In 1966, the Danish Parliament adopted the Act on Statistics Denmark; this act changed the name of the Statistical Bureau to Statistics Denmark and defined its status as an independent institution.

Role of Statistics Denmark
Statistics Denmark provides information to politicians, other decision-makers, the general public, scholars, etc.

Centralised production of statistics
The production of statistics in Denmark is highly centralised. Statistics Denmark is responsible for ensuring that the overall statistical picture is complete and coherent regardless of the source. The main office is located in Copenhagen and this is where almost all of the 560 people employed by Statistics Denmark work.

Independence: The cornerstone of statistics
The Act on Statistics Denmark gives an independent Board of Directors the responsibility to determine the institution's work programme, thus allowing Statistics Denmark to operate independently of government control.
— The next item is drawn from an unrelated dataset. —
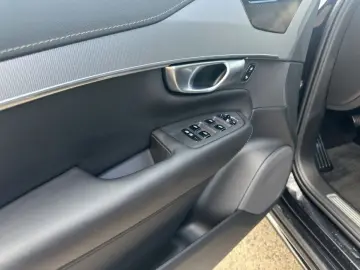 XC90 B5 AWD Plus-Bright 7S Glasd 360° Standheizu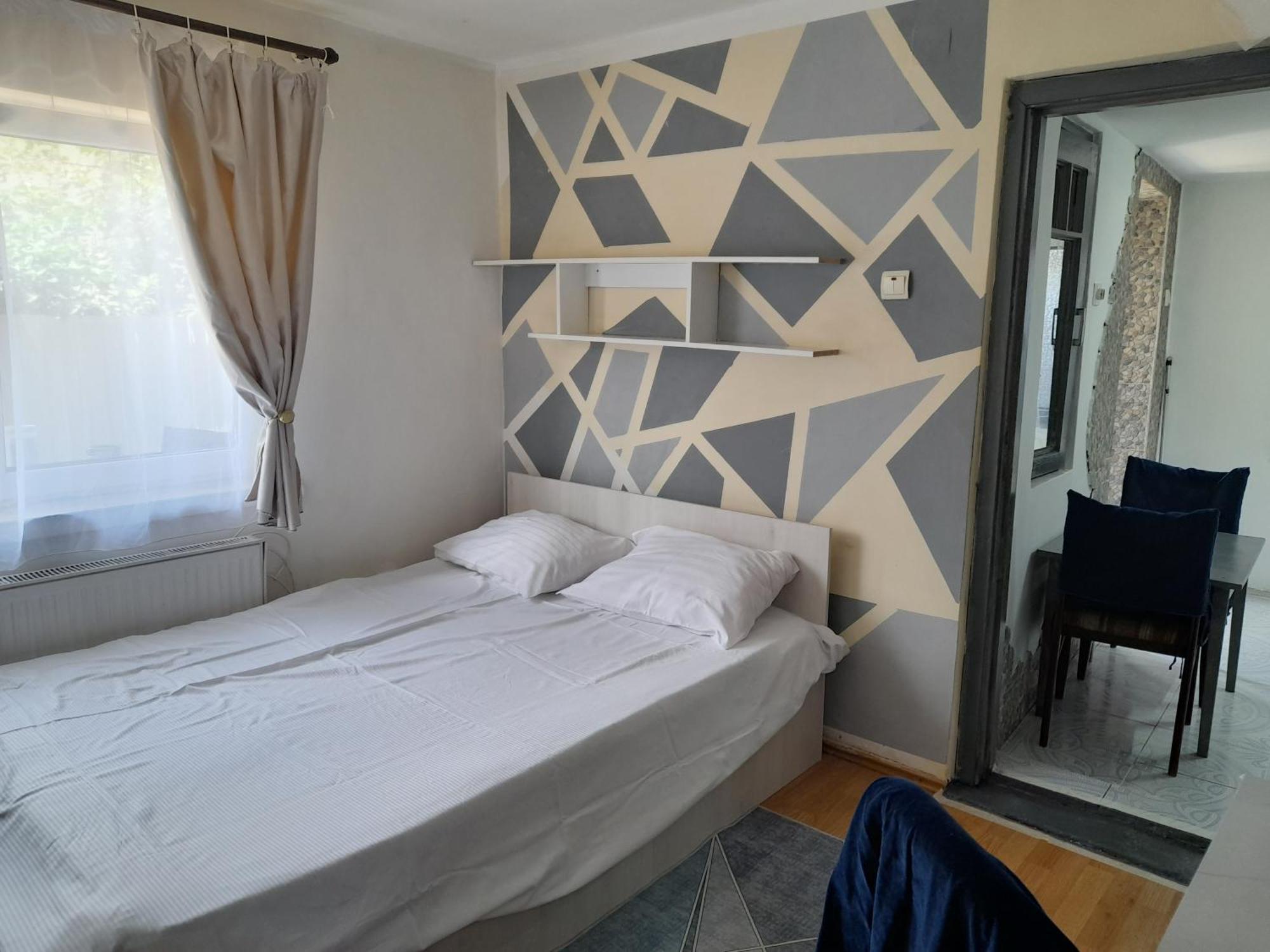 Garsoniera Sic Zona Terapia Zona Linistita La Casa Cu Parcare Apartment Клуж-Напока Екстериор снимка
Access to data is secured under the Act
The Act on Statistics Denmark grants access to the basic data necessary to produce the statistics. The Act states that public authorities must supply the information they possess when requested to do so by Statistics Denmark. Decisions on this must be settled by the Board. The private sector is also obliged to supply certain information for statistical purposes.
The last population census was conducted in 1970. Censuses are now exclusively based on administrative registers private citizens now only participate in surveys on a voluntary basis.
In accordance with these principles, Statistics Denmark has striven to develop a statistical system which is almost entirely based on the administrative registers of other public offices. Other collection methods are employed where necessary, but are only regarded as a supplement.

Data banks
Statistics Denmark's electronic data bank (Statbank.dk) is available free-of-charge in Danish or English for any user. It includes almost all statistics produced in-house. When new general statistics are published in News from Statistics Denmark, the same data are made available at the same time from the data bank but in a far more detailed form.

Customised service projects
Since the collected data normally offers opportunities to make other combinations and distributions than those published or provided through standard assignments, Statistics Denmark also undertakes special customised projects.
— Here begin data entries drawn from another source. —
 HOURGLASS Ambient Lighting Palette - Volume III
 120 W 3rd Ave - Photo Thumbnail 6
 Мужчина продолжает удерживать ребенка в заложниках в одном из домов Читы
International Co-operation
Statistics Denmark actively participates in international statistical activities. Denmark takes part in the joint European statistical programme.

As a member of the EU, Denmark participates in a binding agreement on the compilation, preparation and dissemination of statistics. Although the requirements on statistical output coincide, to a certain extent, with Denmark's national needs, considerable resources are devoted to the fulfilment of Danish obligations.

Statistics Denmark is also actively involved in the United Nations Statistical Commission, the Conference of European Statisticians (CES), the Organisation for Economic Cooperation and Development, the International Monetary Fund, and the International Labour Organization.

Technical co-operation

Statistics Denmark has an International Consulting division, which co-ordinates technical co-operation. This unit initially focused its activities on transition countries in Central and Eastern Europe, but has gradually widened both the scope of its activities and the range of countries with which it is involved.